Katie Moussouris, the CEO of Luta Security — a firm that connects security researchers with vulnerable companies — said the capabilities are real. "It's all very much real," she told NBC News. "I'm not a Chicken Little kind of person when it comes to this stuff. We are definitely going to see some huge ramifications."
The Cloud Security Alliance, in a briefing published days after the Mythos announcement, put a number on the structural shift already underway. Based on data from the Zero Day Clock tracking service, the average time between a vulnerability being discovered and a working exploit being developed is now under 20 hours. Rich Mogull, the Alliance's chief analyst and a co-author of the briefing, said Glasswing "likely means we could be facing multiple Log4j level events every month. Maybe multiple a week, we just don't know yet." Log4j, a 2021 vulnerability in a widely used Java logging library, triggered years of emergency patching across every major enterprise in the world.

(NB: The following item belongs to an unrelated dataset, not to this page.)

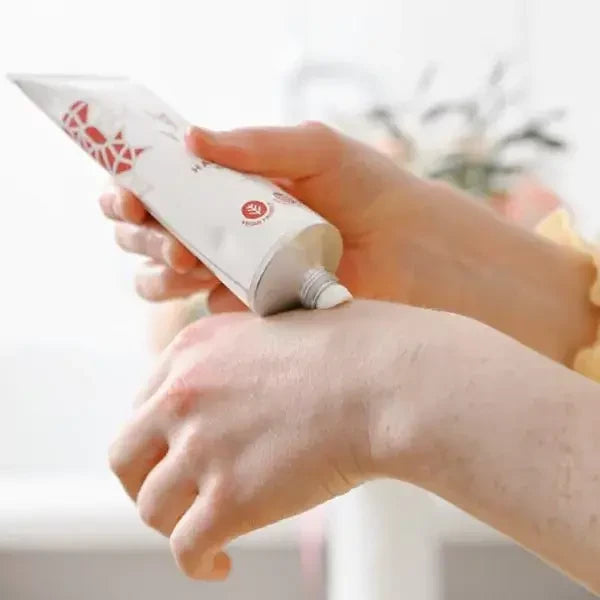 VEGAN FOX Handcreme Nourishing wird auf den Handrücken aufgetragen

The architecture of voluntary restraint
Project Glasswing is Anthropic's answer to the problem it created. The logic: since the capability exists and will proliferate, give defenders a head start. By channeling Mythos access to the organizations responsible for the world's most critical software infrastructure first, Anthropic hopes defenders can close the worst gaps before attackers can exploit them.

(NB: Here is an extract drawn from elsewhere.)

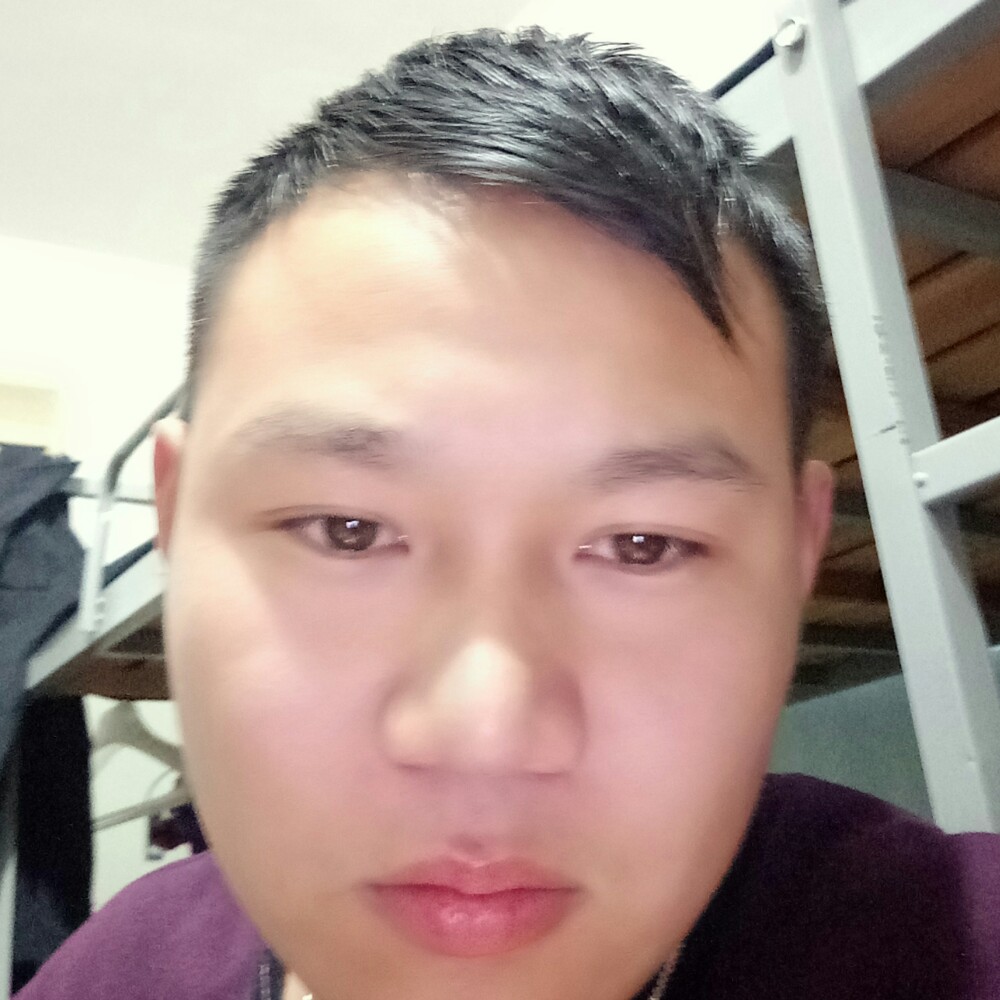 冷艳篮球的照片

That bet may work in the near term. Eleven of the world's most capable technology and security organizations now have access to a model that can find vulnerabilities their own teams missed for years. The Linux Foundation, which maintains software running on most of the internet's servers, is among them. If Glasswing works as designed, the result is a faster and more comprehensive patching cycle than any previous effort in cybersecurity.

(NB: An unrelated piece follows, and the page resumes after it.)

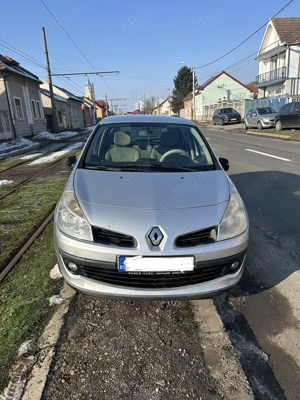 Renault Clio 1.6 an 2005 km 222000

What Glasswing cannot do is hold. It is a race, and the finish line is moving. The AISLE research consortium found that open-source models may already be capable of replicating some Mythos results, according to Fortune's reporting. Dario Amodei has said explicitly that cyber capability in Mythos is a side effect of general code and reasoning ability — not something the company trained for deliberately. Which means no lab can surgically remove these capabilities without degrading the model's general usefulness. Capability overhang is structural.
The structural question facing policymakers is not whether Anthropic acted responsibly. It is whether voluntary corporate restraint, without binding oversight or enforcement mechanisms, can hold back a capability that is simultaneously being developed by other labs, potentially replicated by open-source researchers, and approaching the capabilities threshold where it can do so autonomously.
That question does not yet have an answer. What it has is a 12-to-18 month window.